Ghana is undertaking a comprehensive review of its fiscal regime in the upstream petroleum industry as part of plans to make oil exploration and production more attractive to investors.

This is due to the energy transition which is limiting investment in the oil and gas sector across the world.

The West African nation began commercial oil production in 2010 and produces around 150,000 barrels per day from three oilfields.

In 2018, the country organised the first licensing bid round for six oil blocks and it attracted several international oil companies but could not hit a deal as most of the International Oil Companies(IOCs) pulled out in a move that surprised most industry watchers.

With lessons learned from the bid rounds, Ghana has revised its notes and taken several steps including investing in seismic data acquisition, to guide investors and engaging potential investors in direct negotiations.

Currently, Ghana has six oil blocks available for grabs and the upstream regulator says three of the blocks are for direct negotiations while the remaining three are for farm-in.

Addressing industry players at a two-day data management workshop in Accra on November 16 &17, 2023, the Chief Executive Officer of the Petroleum Commission, Egbert Faibille, outlined some of the issues that have arisen following the implementation of the existing fiscal regime.

He mentioned nuisance Front- End Load Elements, complex additional oil entitlement, size fits all regime, fixed and regressive royalty, strict ring-fencing rules, uncapped cost recovery, and difficulties in administration as some of the issues.

To address the challenge of the non-flexible and regressive nature of Ghana’s royalty regime, Mr. Faibille said a two-tier royalty rate scheme has been proposed.

He explained that the two-tie scheme adopts some carefully calibrated flexible and progressive sliding scale royalty rates which are, at the same time, sensitive to risk factors such as water depth, production volume and crude oil price.

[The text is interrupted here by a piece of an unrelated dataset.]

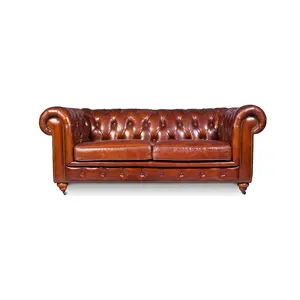 Juego de sofá marrón inflable de cuero genuino Chesterfield 777 de dos asientos de alta calidad para el hogar, muebles de sala de estar - Product Image 5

“As opposed to a fixed royalty scheme, a sliding scale royalty scheme is progressive and incentivizes fixed development of all sizes, water depth, and in volatile price environment without having to re-negotiate fiscal terms. These two royalty schemes are proposed to replace AOE,” Mr. Faibille told the gathering.

Mr. Faibille said his outfit had forwarded their proposal to the Ministry of Energy for discussion and the way forward.